Article 66 of regulation (EU) 2024/2847 has an association to the article 68 amendment, since it is a typical amendment to the market surveillance framework, regulation (EU) 2019/1020, which is done when a new EU regulation is made. The amendment adds regulation (EU) 2024/2847 to the list in annex 1 of the union harmonisation legislation, to which the market surveillance framework applies. It is an administrative amendment to update the legislation and does not have any practical effect on the type-approval regime itself. It is about establishing the framework for market surveillance for manufacturers and national authorities and the powers of investigation and enforcement.

The Committee will be aware that type approval is a reserved matter. As such, we have sought an initial assessment of the impact from the Department for Transport. DfT has advised that there is no expected adverse impact from the amendment of regulation (EU) No 168/2013 since the type-approval requirements for in-scope vehicles in GB and NI are intentionally aligned and no divergence will take place. It does not, therefore, appear likely that the application of the replacement EU Act in terms of type approval of in-scope vehicles would have a significant impact specific to the everyday life of communities in Northern Ireland in a way that is liable to persist. It is designed to have a positive impact on cybersecurity. Not implementing the amendment would, in fact, have a detrimental effect, because Northern Ireland would potentially not benefit from the improved cybersecurity of products with digital elements that are used in the production of in-scope vehicles. It would also mean divergence from GB type-approval schemes that will implement the amendment.

The Department for Science, Innovation and Technology (DSIT), which is the GB lead Department on regulation (EU) 2024/2847, is working on a revised explanatory memorandum (EM) now that the regulation has been adopted. With the more recent inclusion of the amendment of regulation (EU) No 168/2013, DfT is providing input to that revision. However, the revised explanatory memorandum has not yet been completed and was not available for the Committee meeting.

I am happy to take any questions that the Committee may have, Chair.

The Chairperson (Mr McGuigan): Thank you. That sounded pretty straightforward with regard to what we have to do. Do you envisage anything different in the revised EM?

Mr Borland: No, we do not envisage anything different at all.

The Chairperson (Mr McGuigan): OK. Fair enough. Thank you.

Dr Aiken: I have just a quick question. Thanks very much for your evidence. Obviously, we have a significant cybersecurity sector in Northern Ireland. It relies particularly on being part of a UK system, with digital improvements and a digital security system within that. What analysis has been done of any change that that is likely to make to the access that our cybersecurity industry in Northern Ireland has to the system in the rest of the UK and, obviously, the other elements of it, which are quite important?
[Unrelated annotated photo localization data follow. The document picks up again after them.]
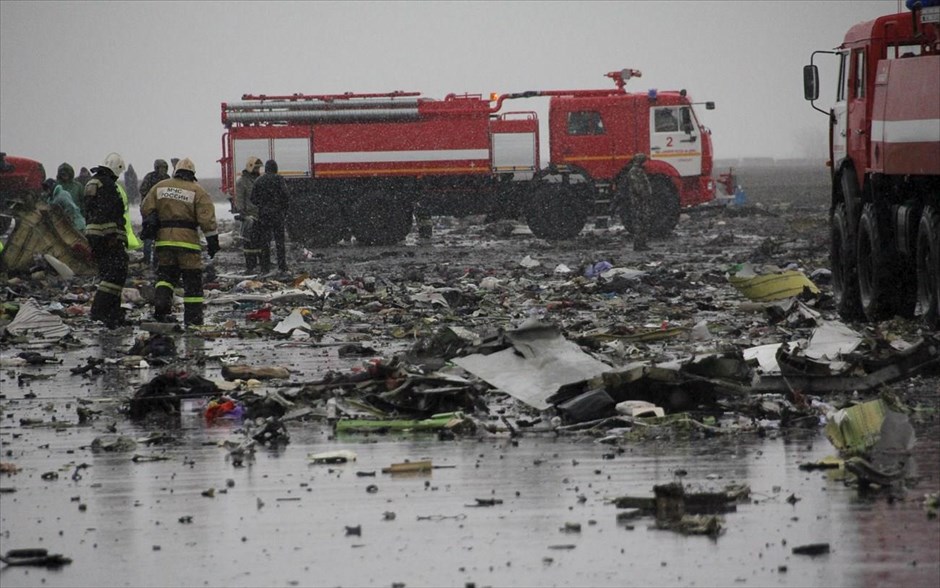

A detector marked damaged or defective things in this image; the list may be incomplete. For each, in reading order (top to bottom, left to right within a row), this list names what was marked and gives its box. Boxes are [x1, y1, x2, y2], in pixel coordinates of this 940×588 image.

torn metal sheet [3, 298, 70, 344]
torn metal sheet [454, 322, 612, 408]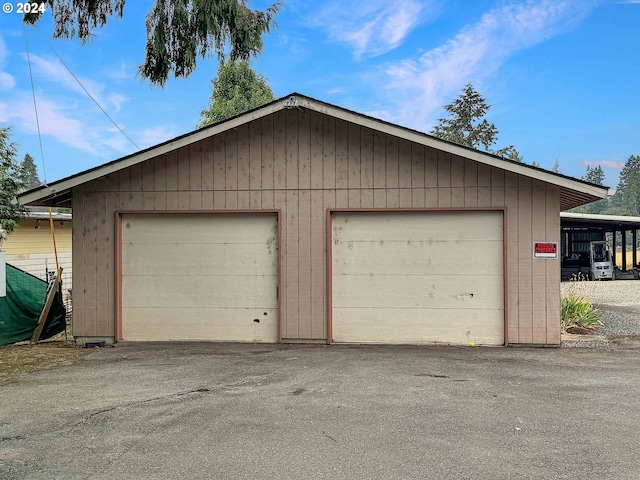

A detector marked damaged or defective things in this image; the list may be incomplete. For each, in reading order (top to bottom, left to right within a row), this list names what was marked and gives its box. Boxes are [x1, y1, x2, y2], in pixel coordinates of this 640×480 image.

cracked asphalt [1, 344, 640, 478]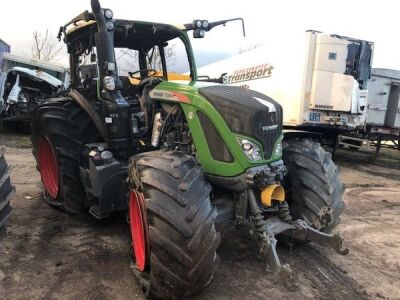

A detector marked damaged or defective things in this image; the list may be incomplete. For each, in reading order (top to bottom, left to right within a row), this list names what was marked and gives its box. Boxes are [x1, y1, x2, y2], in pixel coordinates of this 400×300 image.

damaged bodywork [0, 68, 62, 131]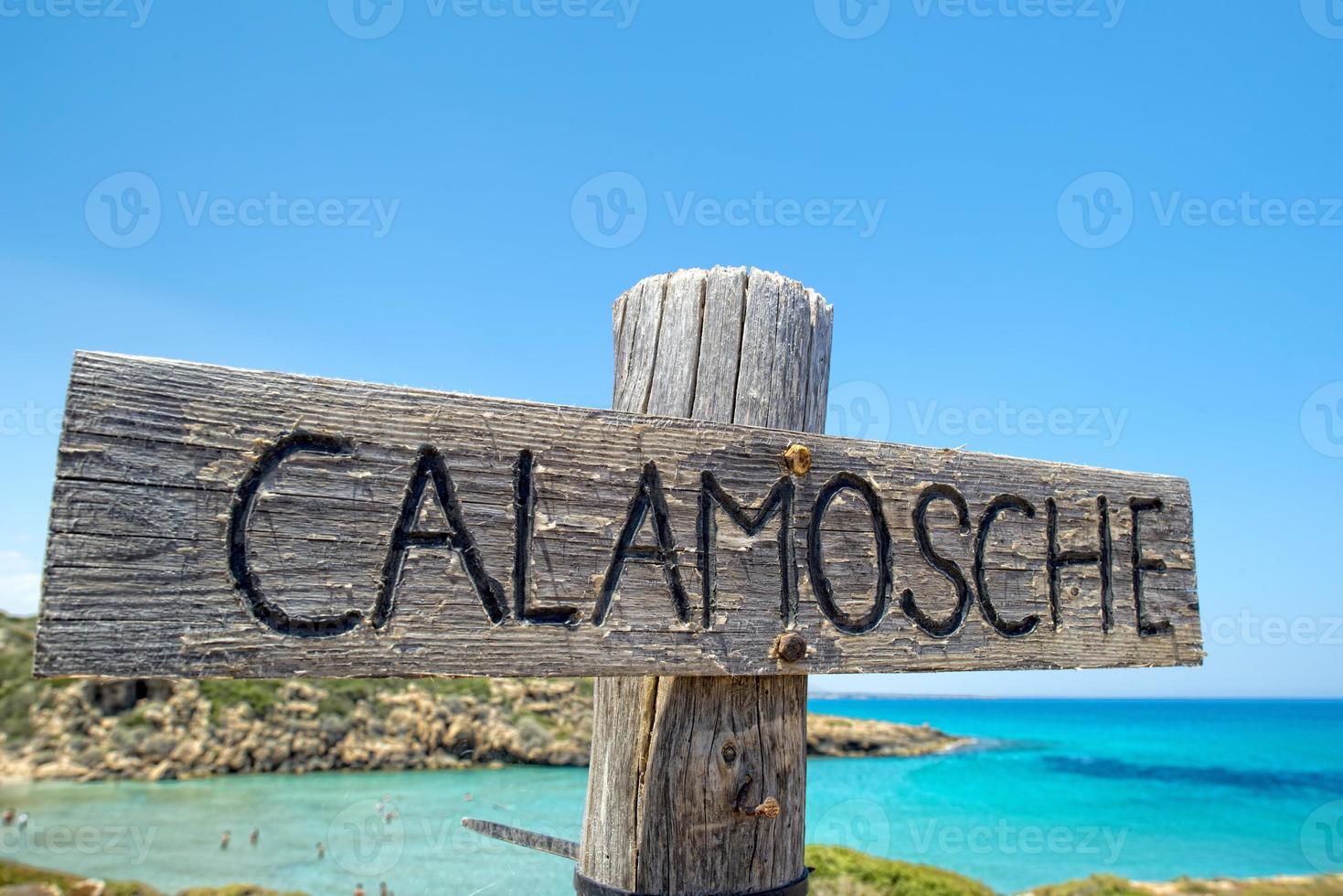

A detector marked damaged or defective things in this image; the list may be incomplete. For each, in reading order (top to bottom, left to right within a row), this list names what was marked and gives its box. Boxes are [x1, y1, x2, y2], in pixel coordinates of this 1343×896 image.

rusty nail [783, 444, 815, 479]
rusty nail [779, 633, 808, 662]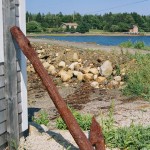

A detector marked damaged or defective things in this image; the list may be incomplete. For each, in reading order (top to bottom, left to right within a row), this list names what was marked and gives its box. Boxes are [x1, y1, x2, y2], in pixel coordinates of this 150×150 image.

rusty metal surface [9, 26, 93, 150]
rusty metal surface [89, 117, 106, 150]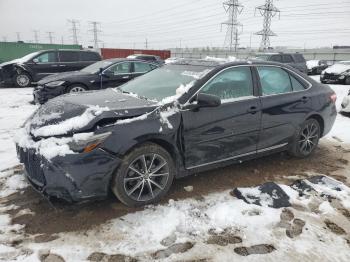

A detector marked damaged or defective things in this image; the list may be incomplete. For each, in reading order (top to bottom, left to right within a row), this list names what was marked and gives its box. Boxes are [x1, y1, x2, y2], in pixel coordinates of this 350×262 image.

crumpled hood [28, 88, 157, 137]
damaged front bumper [16, 144, 120, 202]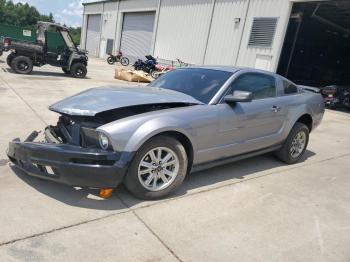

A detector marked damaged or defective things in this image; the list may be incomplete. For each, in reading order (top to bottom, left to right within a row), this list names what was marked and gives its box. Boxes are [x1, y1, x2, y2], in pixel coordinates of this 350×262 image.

crumpled front bumper [7, 140, 131, 189]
Mr Borland: None that I am aware of in relation to the vehicles that are in scope.

Dr Aiken: It is not just about vehicles; it is about our industry. This is cybersecurity in the round. If you read the draft legal text from the European Commission, you see that it talks about cybersecurity, cybersecurity products, digital elements, the cybersecurity industry and the digital industry. It covers a wide area, not just vehicles.

Mr Borland: Vehicles are DFI's interest.

Dr Aiken: I get that, but our job as a Committee is to look at the impact —

Mr Borland: I understand.

Dr Aiken: — and we do not have other Departments in front of us today.
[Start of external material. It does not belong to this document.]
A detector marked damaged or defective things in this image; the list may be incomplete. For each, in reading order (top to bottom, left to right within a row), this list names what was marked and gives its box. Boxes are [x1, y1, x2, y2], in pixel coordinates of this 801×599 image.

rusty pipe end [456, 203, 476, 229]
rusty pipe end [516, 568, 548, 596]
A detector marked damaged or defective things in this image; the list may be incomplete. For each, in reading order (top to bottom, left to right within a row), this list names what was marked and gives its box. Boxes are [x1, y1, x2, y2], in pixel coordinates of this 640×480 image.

Mr Borland: As I understand it, the generality of the regulation is not quoted in the protocol and does not apply to Northern Ireland. We are therefore subject to UK legislation on that. That is about as far as I could go.

Dr Aiken: OK. Thanks.

The Chairperson (Mr McGuigan): Thank you. Steve, you are right: there is a wider piece of legislation, but it is important to remember that the Committee really only has any impact on articles 66 and 68. They are the only matters that come under the Windsor framework.

If no one has any other questions, I thank Paddy and Adrian for coming to present to us. Gentlemen, thank you very much.